Que faire ? De nombreux experts se sont penchés sur le problème. Et les remèdes proposés ne manquent pas. Pour les uns, il faut apprendre à faire face au stress : savoir mieux gérer son temps pour desserrer l’étreinte, apprendre la « communication non violente » (pour affronter les relations difficiles avec les clients, les collègues ou la hiérarchie). D’autres encore prônent un « slow management ». Dans ce dossier, le sociologue Gilles Herreros propose d’instaurer une « réflexivité organisationnelle » pour dépister et remédier à la violence ordinaire qui sévit dans les organisations. Plusieurs livres viennent de paraître autour d’une idée plus radicale : « Il faut refonder l’entreprise » (nous y reviendrons bientôt dans Sciences Humaines).
Et vous, qu’en pensez-vous ? Depuis quelque temps déjà à Sciences Humaines, nous ne nous contentons plus de nous adresser aux spécialistes, mais nous nous tournons aussi vers les lecteurs, les amis et l’entourage pour savoir ce qu’ils pensent.
Personnellement, j’ai interrogé des personnes autour de moi : « Et toi, que ferais-tu pour réenchanter le travail ? » Les réponses ne se sont pas fait attendre : « Supprimer les évaluations », m’a répondu du tac au tac cette professeure des écoles. « Les évaluations sont lourdes, stressantes et inutiles, c’est une nouvelle bureaucratie absurde qui s’est répandue partout. » Pour cette jeune graphiste, le télétravail est un bon moyen de travailler avec plaisir : « Le télétravail, c’est ce qui me permet d’éviter les contraintes du bureau : les longs transports, les horaires obligés et surtout les petits conflits et les potins qui empoisonnent le travail. » Réenchanter le travail ? Un autre interlocuteur s’est lancé dans un plaidoyer pour la démocratie en entreprise : « Il faut simplement donner la parole aux salariés : l’entreprise est le dernier lieu de notre société qui fonctionne encore comme une monarchie. »
Sur le site scienceshumaines.com, nous avons ouvert un nouvel espace d’échange et d’expression.
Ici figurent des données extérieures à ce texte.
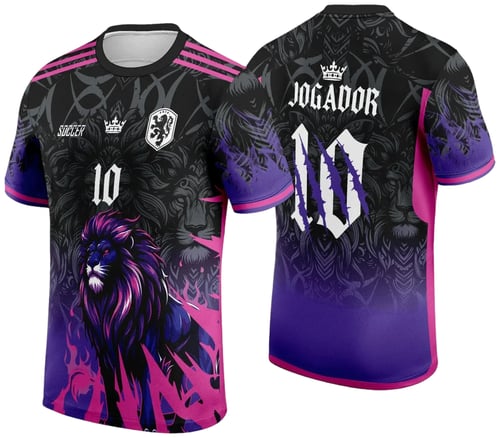 Arte Vetor Camisa de Interclasse Leão 2024 - 2025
Le mois passé, des lecteurs sont venus échanger leurs bonnes recettes pour se nourrir l’esprit intelligemment. Le mois précédent, ils présentaient leurs plus belles lectures de voyages.
Et si l’on s’interrogeait ensemble sur la façon de réhumaniser le travail ? Ce ne serait pas la plus mauvaise façon de faire des sciences humaines.